§ **Your assignment**:
Each line of the listing below that includes "woman" should be reported.

(Data to process)

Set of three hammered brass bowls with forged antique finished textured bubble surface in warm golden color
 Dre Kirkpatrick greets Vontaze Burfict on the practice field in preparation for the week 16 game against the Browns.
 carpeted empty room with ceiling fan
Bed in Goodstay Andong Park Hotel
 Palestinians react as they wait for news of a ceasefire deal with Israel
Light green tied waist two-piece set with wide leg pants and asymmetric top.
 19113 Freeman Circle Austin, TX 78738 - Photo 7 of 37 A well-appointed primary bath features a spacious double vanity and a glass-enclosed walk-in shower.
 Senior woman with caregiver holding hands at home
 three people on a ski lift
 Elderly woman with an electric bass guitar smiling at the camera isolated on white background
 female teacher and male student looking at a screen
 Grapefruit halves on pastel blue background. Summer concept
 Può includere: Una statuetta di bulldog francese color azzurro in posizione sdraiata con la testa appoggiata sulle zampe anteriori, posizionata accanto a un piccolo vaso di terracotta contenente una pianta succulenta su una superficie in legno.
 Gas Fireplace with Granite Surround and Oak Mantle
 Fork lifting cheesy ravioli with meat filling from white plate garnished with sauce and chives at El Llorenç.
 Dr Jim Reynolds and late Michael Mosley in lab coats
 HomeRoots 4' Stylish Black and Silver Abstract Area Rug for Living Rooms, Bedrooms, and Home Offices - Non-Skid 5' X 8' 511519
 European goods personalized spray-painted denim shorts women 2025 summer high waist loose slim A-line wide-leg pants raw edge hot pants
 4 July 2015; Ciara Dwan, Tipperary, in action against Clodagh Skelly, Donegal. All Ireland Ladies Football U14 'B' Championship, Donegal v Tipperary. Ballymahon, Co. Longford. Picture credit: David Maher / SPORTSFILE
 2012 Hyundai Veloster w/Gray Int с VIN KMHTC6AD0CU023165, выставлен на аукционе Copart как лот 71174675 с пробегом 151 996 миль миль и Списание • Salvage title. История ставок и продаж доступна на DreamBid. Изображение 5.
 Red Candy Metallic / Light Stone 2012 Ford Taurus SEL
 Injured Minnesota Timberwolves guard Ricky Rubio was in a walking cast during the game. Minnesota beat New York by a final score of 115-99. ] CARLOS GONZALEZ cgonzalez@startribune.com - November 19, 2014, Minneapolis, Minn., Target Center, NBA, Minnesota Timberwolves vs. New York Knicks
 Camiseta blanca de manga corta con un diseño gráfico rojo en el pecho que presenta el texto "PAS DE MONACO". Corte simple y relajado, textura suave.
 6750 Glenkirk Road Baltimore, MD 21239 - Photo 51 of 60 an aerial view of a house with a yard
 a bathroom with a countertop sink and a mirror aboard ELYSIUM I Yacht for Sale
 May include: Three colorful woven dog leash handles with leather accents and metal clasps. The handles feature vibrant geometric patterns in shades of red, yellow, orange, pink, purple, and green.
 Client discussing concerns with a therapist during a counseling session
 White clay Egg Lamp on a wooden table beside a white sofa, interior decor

(End Data to process)

§ **Output for this task**:
 Senior woman with caregiver holding hands at home
 Elderly woman with an electric bass guitar smiling at the camera isolated on white background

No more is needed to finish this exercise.